Also, for anyone who may be interested - the officer told me they can remove a car if it's been in the same space, unmoved for a period over 15 days, including if the car is parked in an off road car park!


----------



## Pazcat (Mar 24, 2010)

I wonder if you would have a case in trying to claim your costs back from this concerned samaritan who made a seemingly false? report.
I'd certainly look into it especially if the impound costs are high and even if you can't claim back it may be worth mentioning if for nothing else to remind this chuck to mind their own business next time.
Mention it to the police and see what they think?


----------



## Pesky Wesky (May 10, 2009)

Pazcat said:


> I wonder if you would have a case in trying to claim your costs back from this concerned samaritan who made a seemingly false? report.
> I'd certainly look into it especially if the impound costs are high and even if you can't claim back it may be worth mentioning if for nothing else to remind this chuck to mind their own business next time.
> Mention it to the police and see what they think?

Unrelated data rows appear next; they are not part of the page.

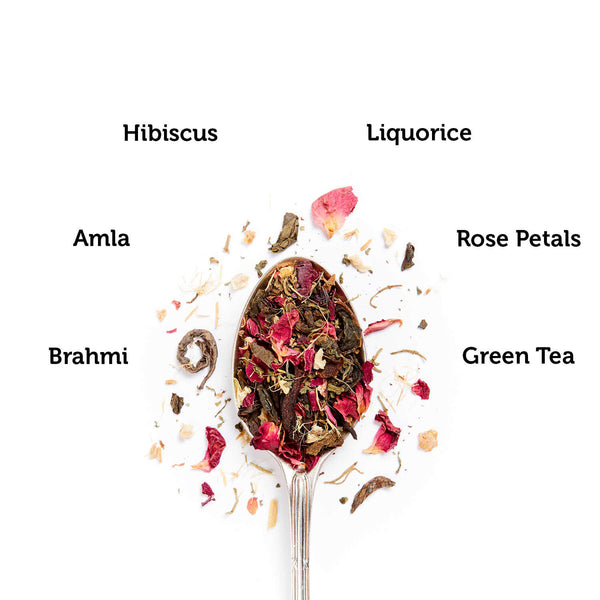 tea for hair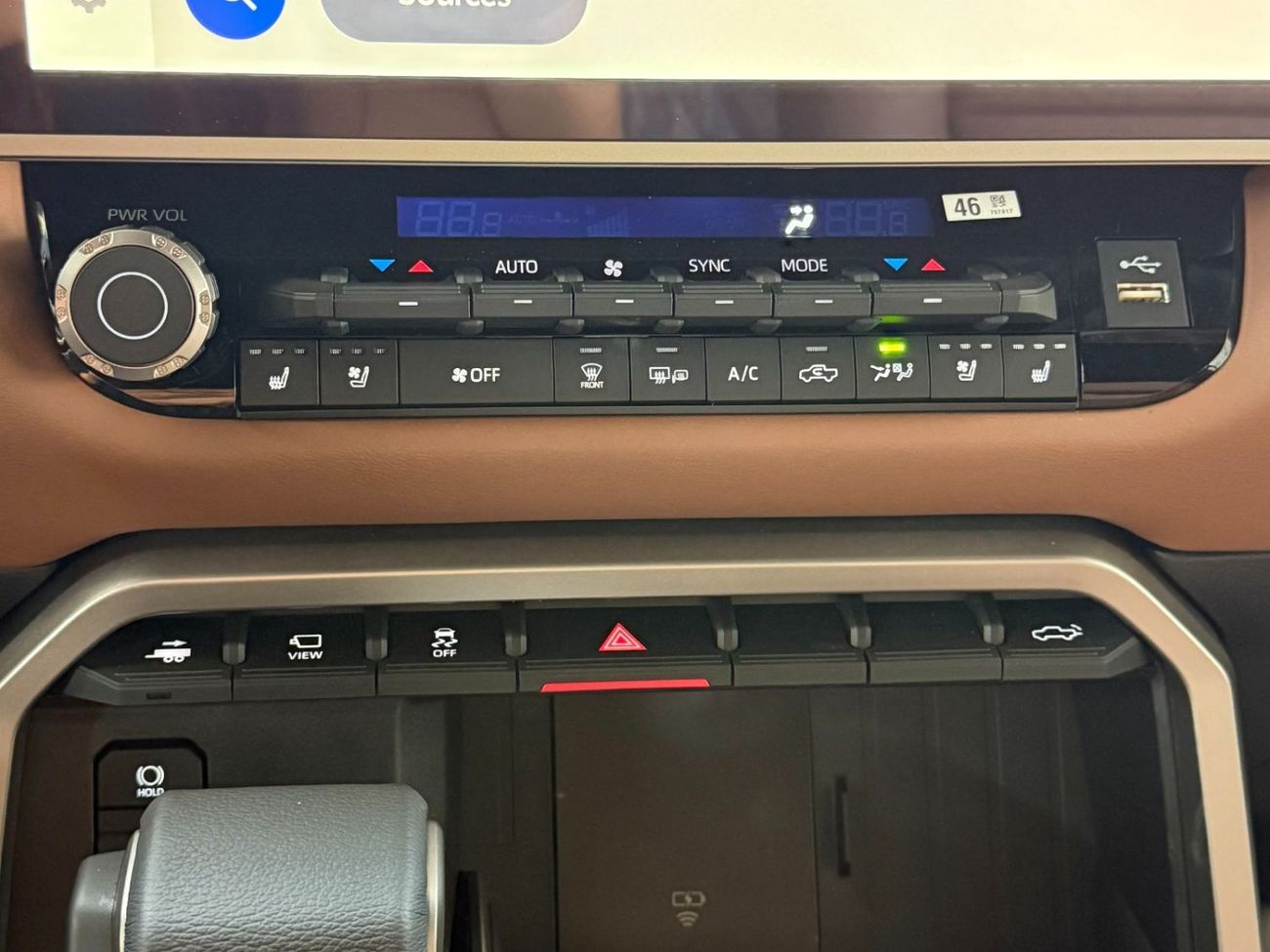 تويوتا تاندرا 2026 TUNDRA 1974 EDITION PLATINUM 3.5 TWINTURBO PETROL 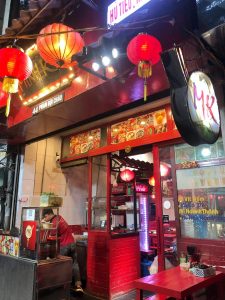 ăn vặt quán số 44 phan bội châu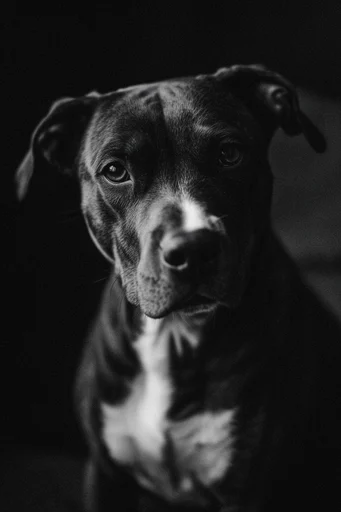 Intimate Chiaroscuro Noir style reference image — moody introspection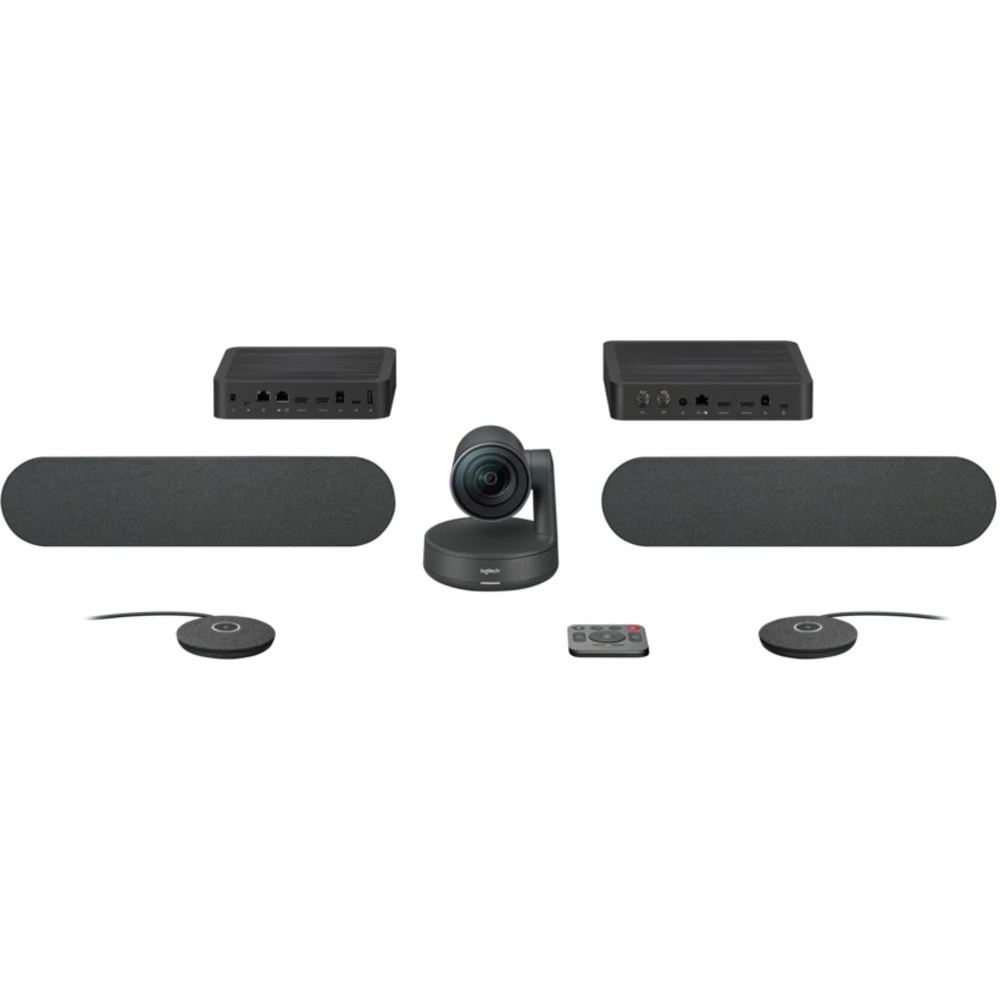 Терминал ВКС Logitech Rally Plus VideoConference System 960-001224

Maybe it was the police who were in the wrong though, as they acted on the reporting of the vehicle not having x and y and maybe they should have checked the truth of that before impounding the vehicle.


----------



## Pazcat (Mar 24, 2010)

True it could be that as well.
It could just be easier to let it go.

As a side note what are the rules on having a van or motor home in your own yard?
Was thinking of renting one to whack in the drive for when visitors come, surely that would be allowed?


----------



## mrypg9 (Apr 26, 2008)

Pazcat said:


> I wonder if you would have a case in trying to claim your costs back from this concerned samaritan who made a seemingly false? report.
> I'd certainly look into it especially if the impound costs are high and even if you can't claim back it may be worth mentioning if for nothing else to remind this chuck to mind their own business next time.
> Mention it to the police and see what they think?


Hah.....I have more chance of being elected Miss Estepona 2016....


----------



## Pazcat (Mar 24, 2010)

That maybe but if you can prove that they acted upon a false report I see no reason not to ask for the Policias complaints book.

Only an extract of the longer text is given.